Further – too many PR people justify their efforts in terms of ‘soft’ measures such as media coverage, reputation and attitudes rather than ROI, stakeholder decision-making and behavior change, which is the hard-edged terminology used in the executive suite. A typical soft measure of PR success is the extent of positive media coverage. Good media coverage is all very well, but it gives no insight into actual customer decisions and actions because media are only a conduit, a means to an end; the media themselves are seldom key customers and decision-makers in their own right. Social media causes similar problems – volume of traffic and ‘likes’ don’t necessarily increase sales or profitability.
These leave PR pros very exposed to disdain and criticism from executives and consultants. For instance, a McKinsey 2007 article refers to the corporate affairs function typically reporting to ‘a corporate secretary.’ And also ‘most corporate-affairs executives don’t have the background to lead this type of [strategic] effort and therefore increasingly turn to their marketing counterparts for assistance.’ How condescending!

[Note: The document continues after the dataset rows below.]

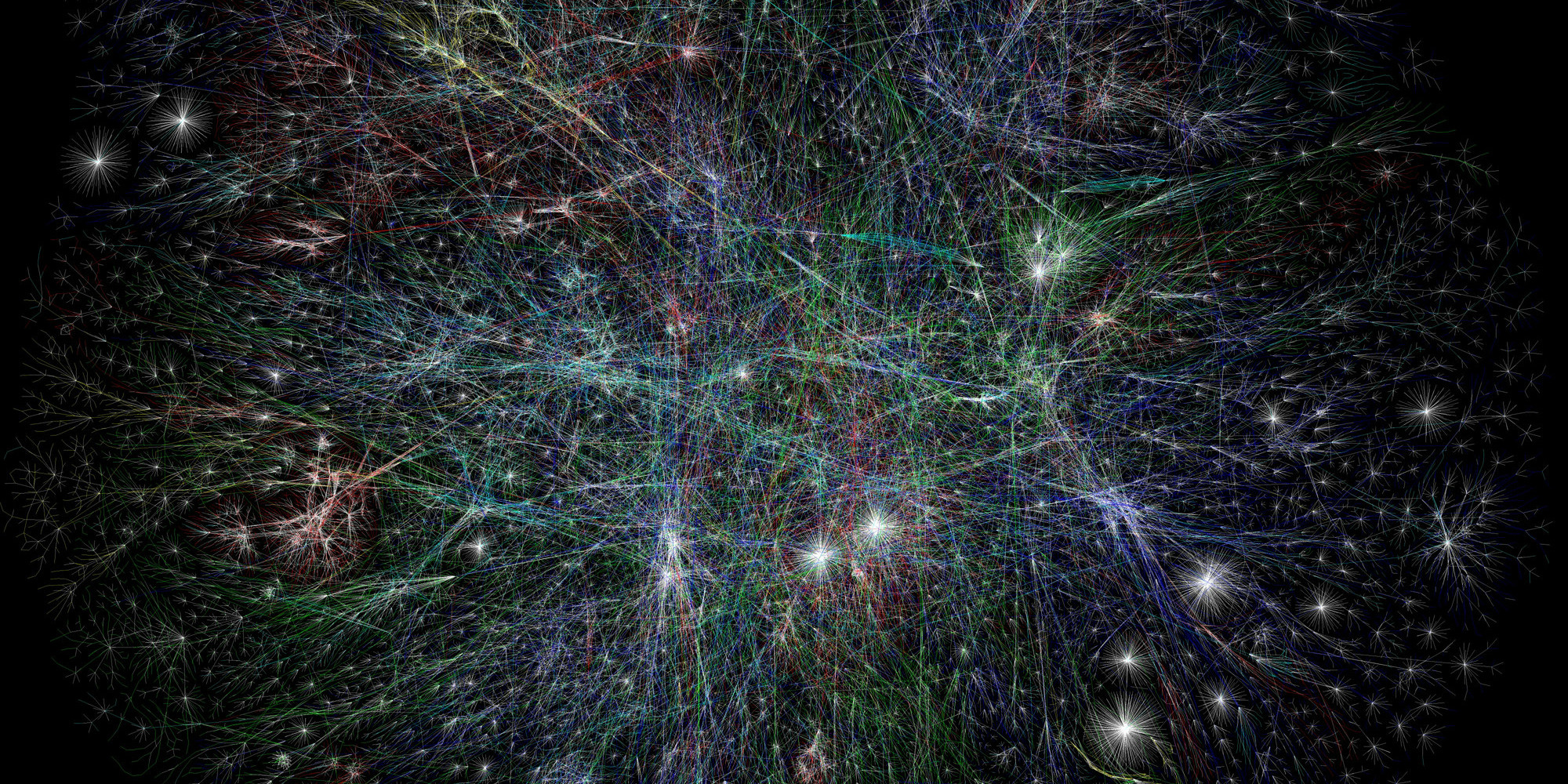 Barrett Lyon, The Opte Project. Mapping the Internet. 2003. Digital print from photo file. The Museum of Modern Art, New York. Gift of the designer. © 2022 Barret Lyon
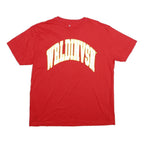 WRLDVSN Mens Red WRLDINVSN Graphic T-Shirt XL Short Sleeve Crew Neck Cotton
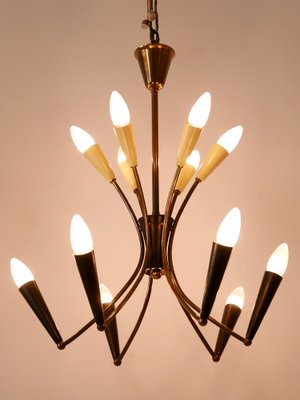 Mid-Century Modern 12-Flamed Sputnik Chandelier, Germany, 1950s-WPT-1742528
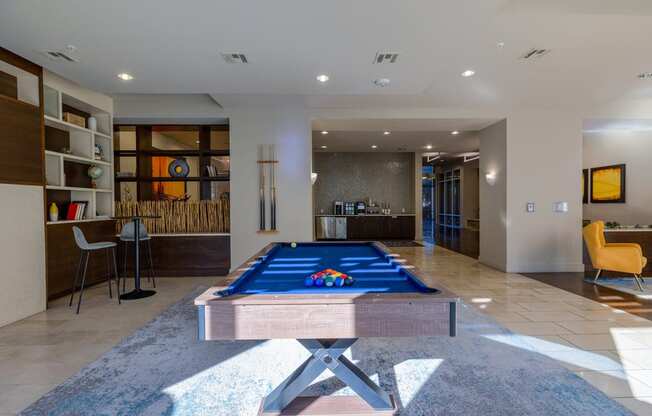 Resident game room with lounge area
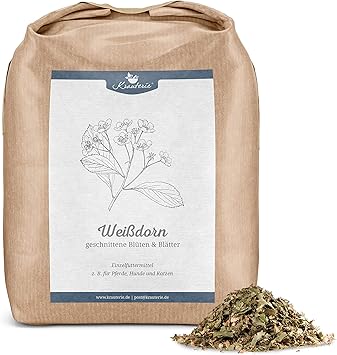 Krauterie Weissdorn Blatter Bluten Geschnitten In Spitzenqualitat Fur Pferde Hunde Und Katzen 1000 G Amazon De Haustier
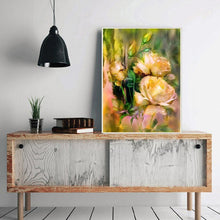 Lade das Bild in den Galerie-Viewer, Blume - voller runder Diamant - 40x30cm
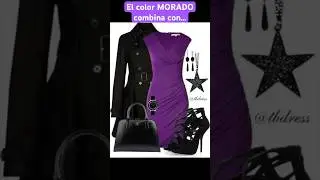 El color MORADO combina con&hellip; #short #morado #colores #mujer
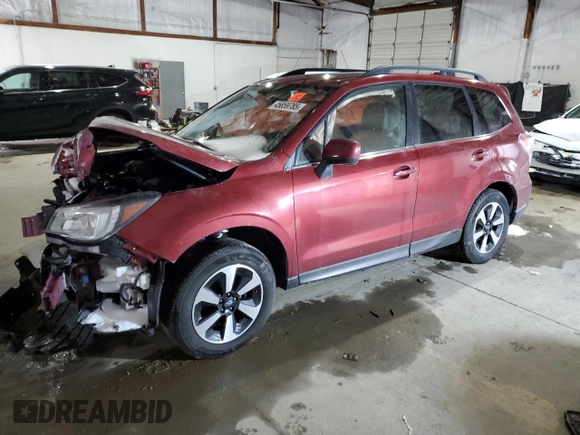 2018 Subaru Forester Limited with VIN JF2SJAJC4JH449948, listed as a Copart auction lot 45859785 with 78,527 mi miles and Salvage Title. Bid and sale history available at carsss.com. Image 1.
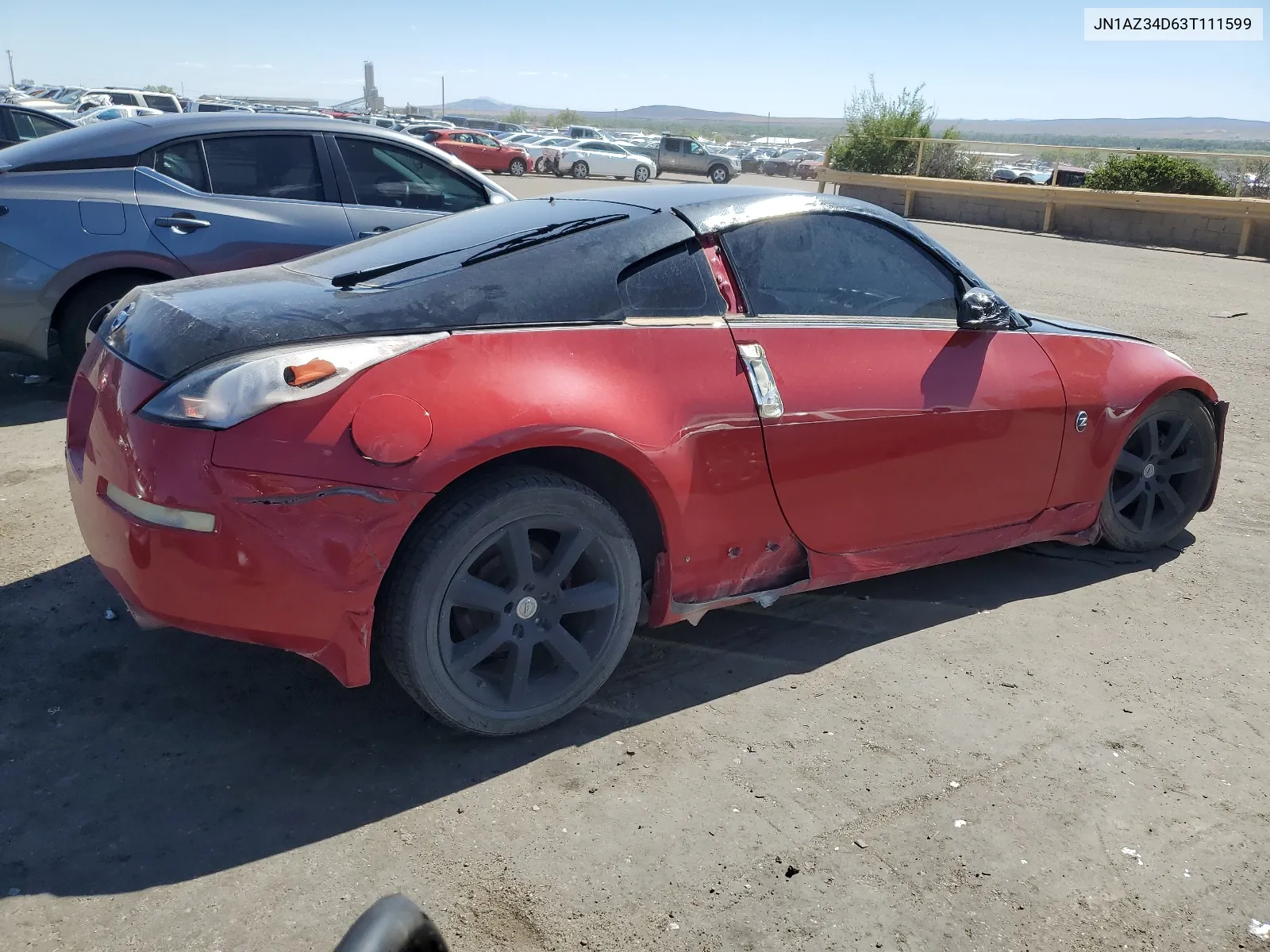 2003 Nissan 350Z Coupe VIN: JN1AZ34D63T111599 Lot: 61660884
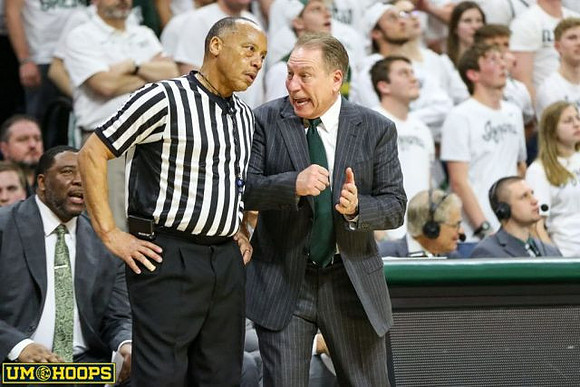 Michigan State Head Coach Tom Izzo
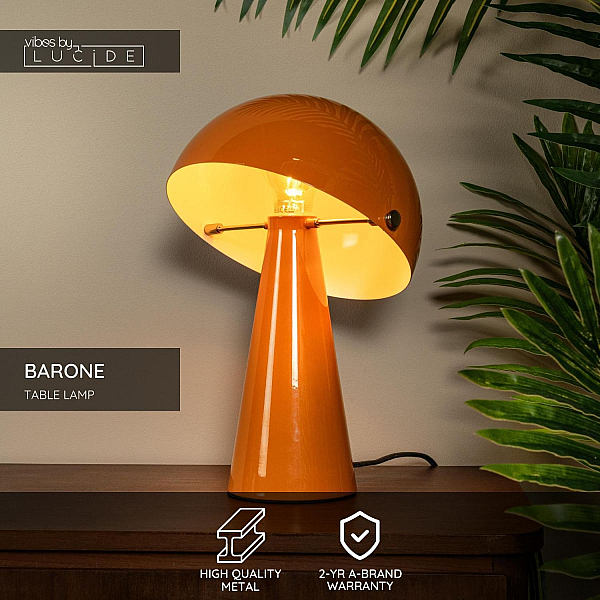 Настольная лампа Lucide Barone 65502/33/53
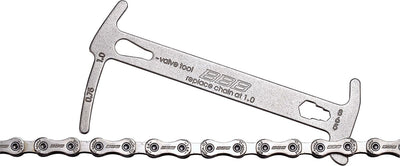 Jauge de chaîne de cyclisme Bbb - compteur d'usure de chaîne de vélo - y compris outil de crochet de chaîne - vérificateur de chaîne - btl-125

In recent years, great change has occurred at leading companies. The McKinsey 2019 survey found executives at these organizations no longer view marketing as bound by functions that sit in the marketing department. Instead, they think in terms of diverse areas of the organization – from sales and product innovation to finance, technology, and HR – participating in marketing’s success and see themselves as partners in its mission.
As head of marketing, the CMO has a crucial role to play in driving organizations toward this vision, and the stakes are high. Our analysis reveals that a marketing organization’s ability to drive growth depends heavily on the strength of the partnerships the CMO can forge across the organization.
This signals a great opportunity as a communication professional to strengthen your relationship with marketers in your organization. Better to hold your competitors, if not enemies, close! Establishing a strategic PR role and being actively aware of marketing plans will enable you to play a more effective role by insisting on being part of the marketing planning process from the beginning.